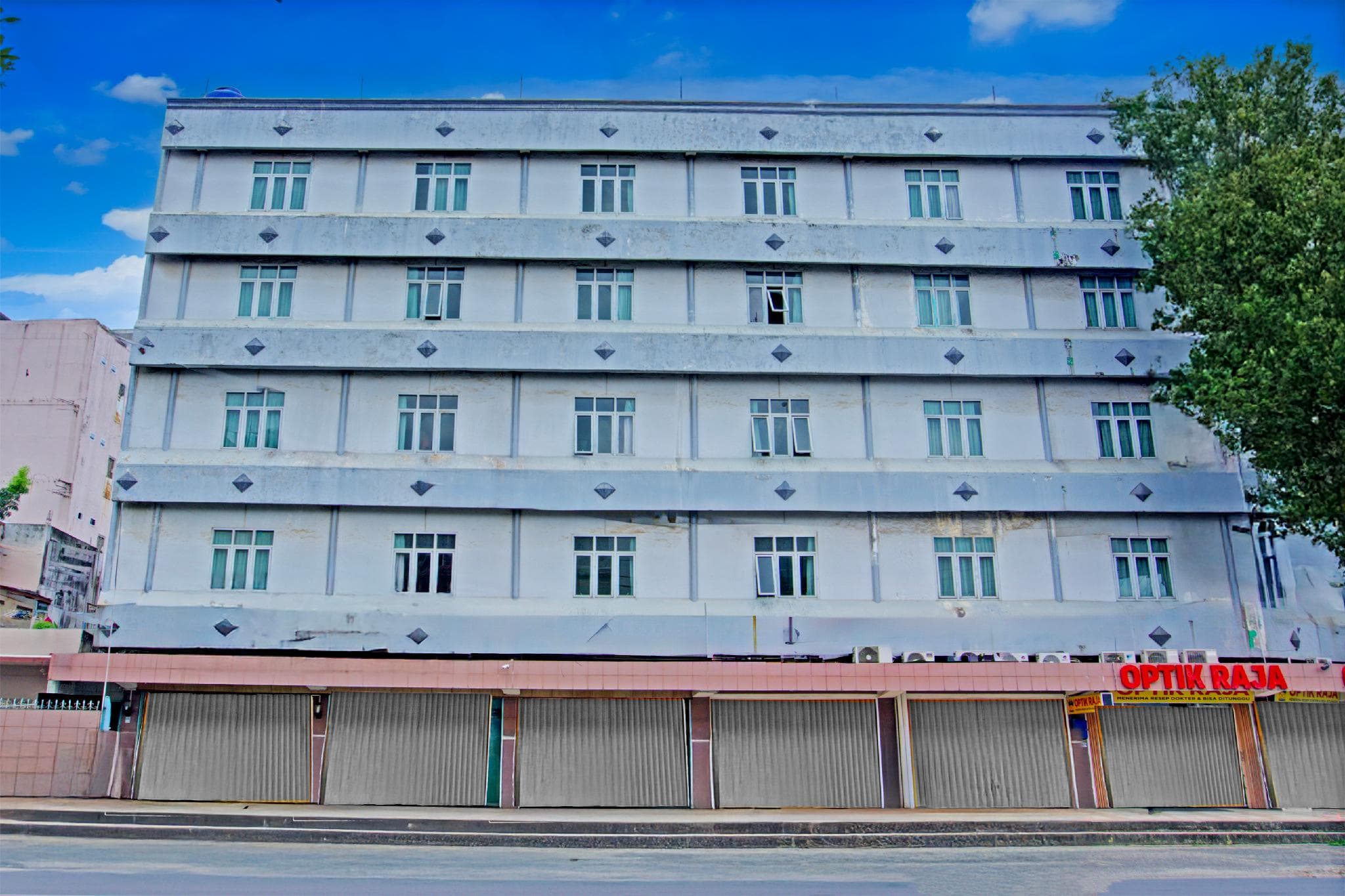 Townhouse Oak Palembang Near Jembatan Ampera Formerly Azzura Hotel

--

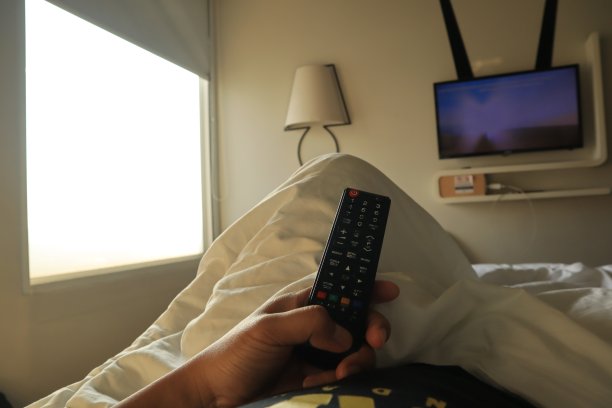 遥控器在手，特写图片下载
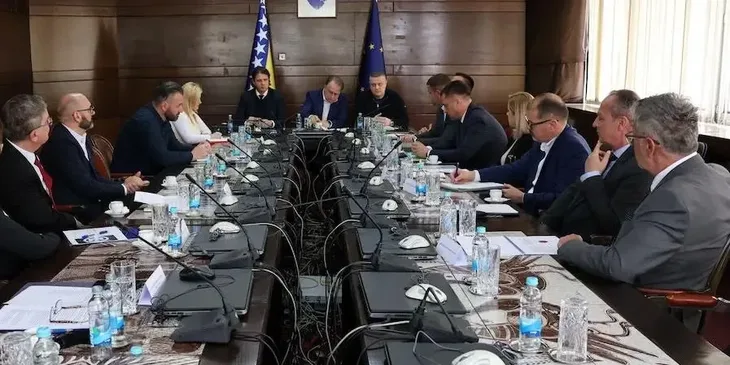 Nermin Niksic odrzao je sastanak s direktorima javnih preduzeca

* * *

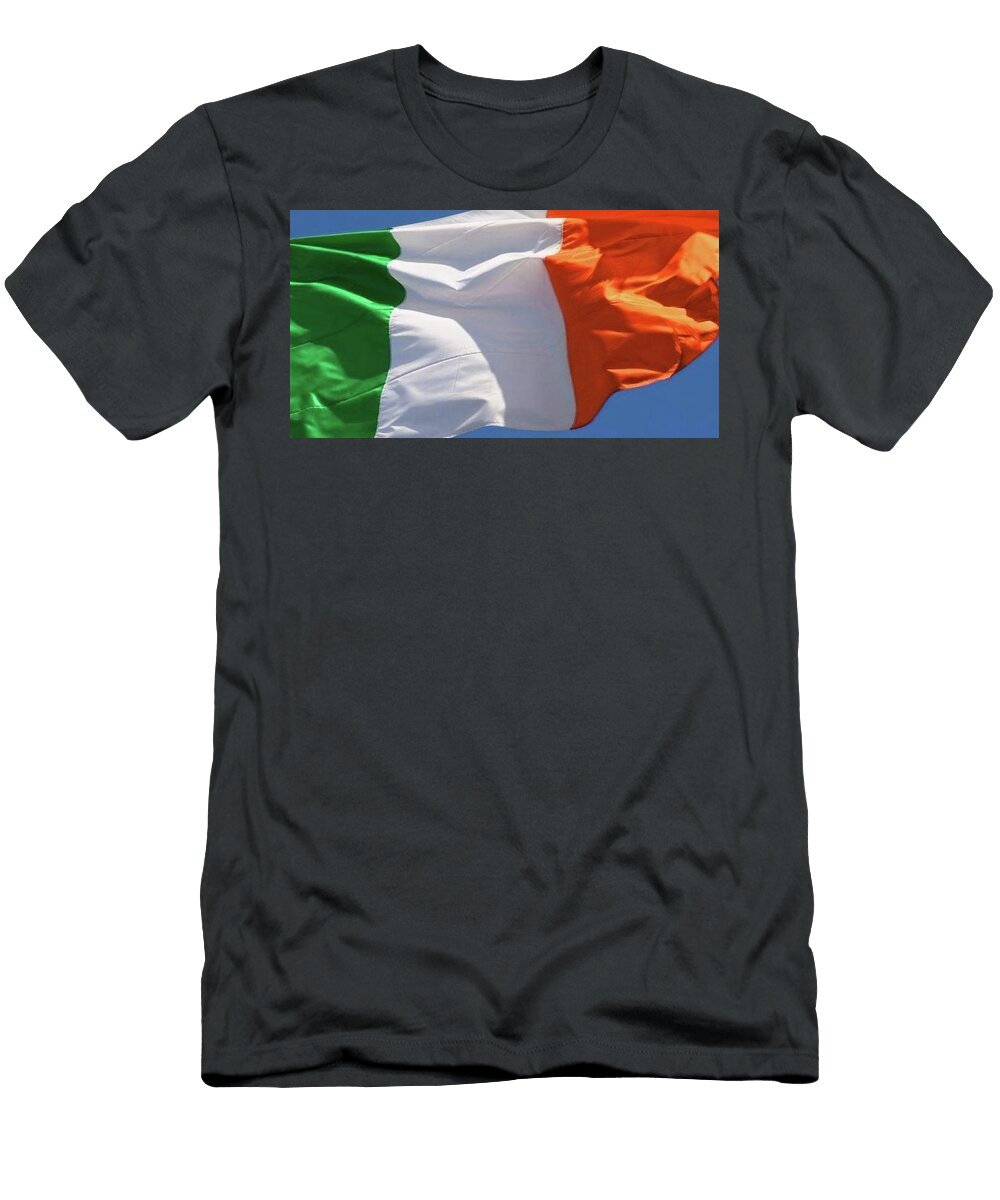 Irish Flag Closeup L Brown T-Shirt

Task brief - Pictures aside, return exactly the lines from the data above, starting at the line that has "遥控器在手，特写图片下载" and ending at the line that has "Nermin Niksic odrzao", both included.

Response to this task -
 遥控器在手，特写图片下载
 Nermin Niksic odrzao je sastanak s direktorima javnih preduzeca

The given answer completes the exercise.